Li and President Xi Jinping are backing new economic drivers as they cut excess capacity in areas like steel and coal, with hundreds of thousands of jobs set to be lost. Li’s focus on new data has spurred various private attempts to develop an updated version of the Li Keqiang Index -- a measure using data on bank lending, rail freight and electricity use that stems from comments Li made back when he was a party official in the northeastern province of Liaoning.
While encouraging, it’s unrealistic to expect emerging sectors to fully offset the drag from traditional industries, according to Shen Yan, a professor at Peking University and one of the researchers contributing to the new economy index’s development.
"The industrial chain of emerging industries is shorter, so it creates smaller spillover effects on other sectors," she said. It’s also difficult for the new economy to create jobs to absorb those being shifted out from traditional sectors, due to the advanced education and skills needed in the emerging industries.

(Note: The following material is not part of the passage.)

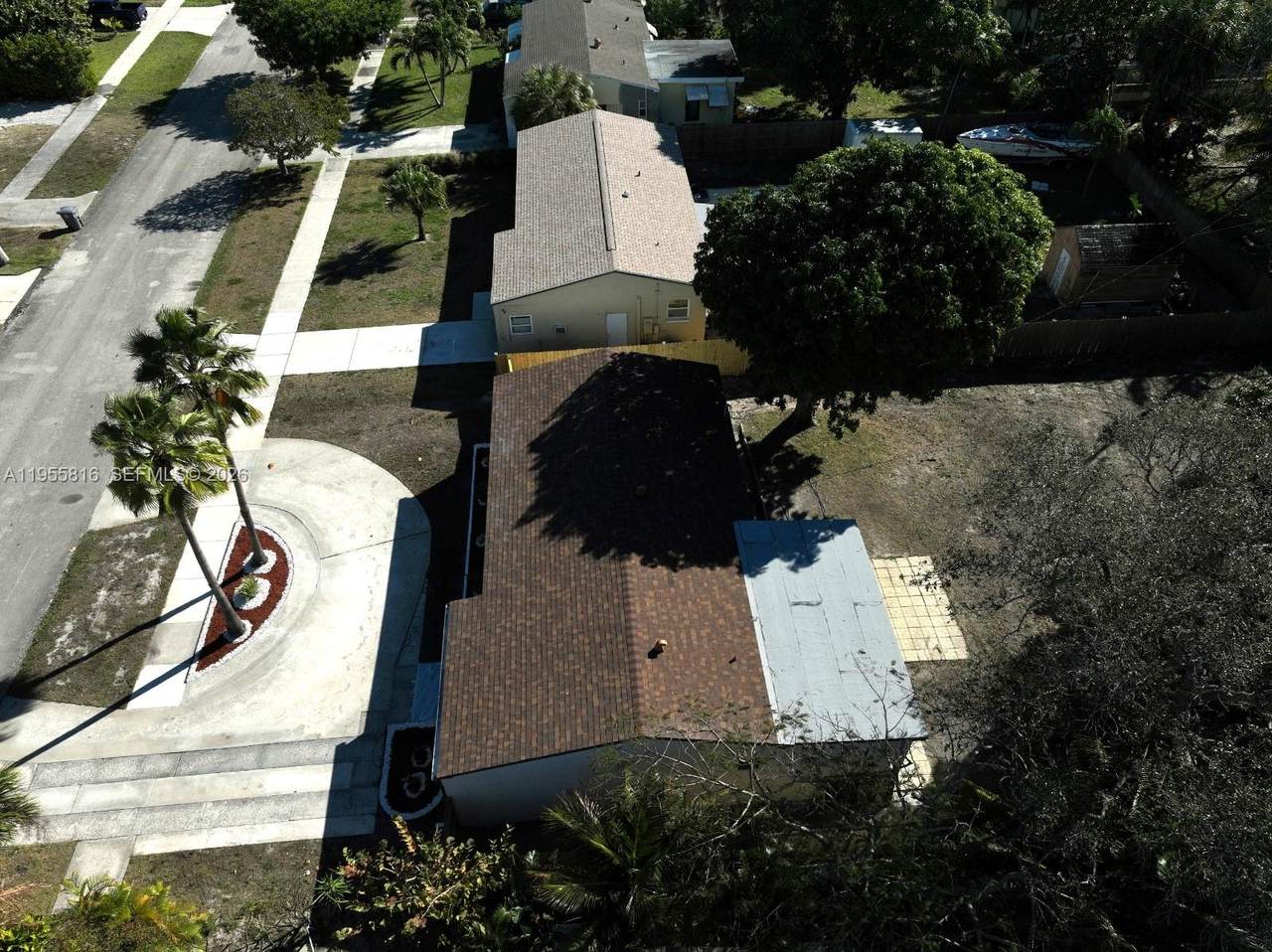 https://bt-photos.global.ssl.fastly.net/miami/1280_boomver_1_A11955816-2.jpg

Indeed, the pay differential between new and traditional industries is widening, according to a sub-index of the gauge. New economy employees earned 14 percent more than staff in traditional sectors in April, it shows.

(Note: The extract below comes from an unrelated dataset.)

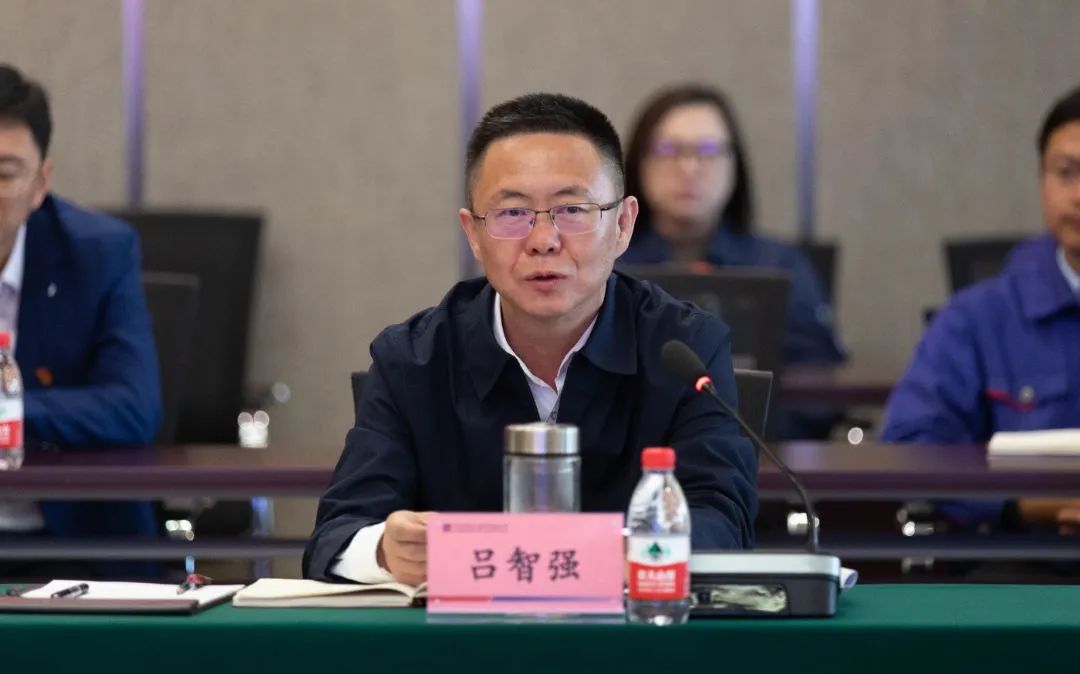 J9集团|国际站官网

Another sub index ranks cities within China. It showed Shanghai is pacing growth in the new economy, followed by Shenzhen and Beijing, as cities in coastal provinces took eight of the top ten spots. Inland, Wuhan and Chengdu were among the better performers.
"Talent, high technology and investment are the key factors driving the development of the new economy," said Lu Feng, a professor at the National School of Development of Peking University. "We expect growth of the new economy to accelerate as more capital is invested, technologies are upgraded and education improved."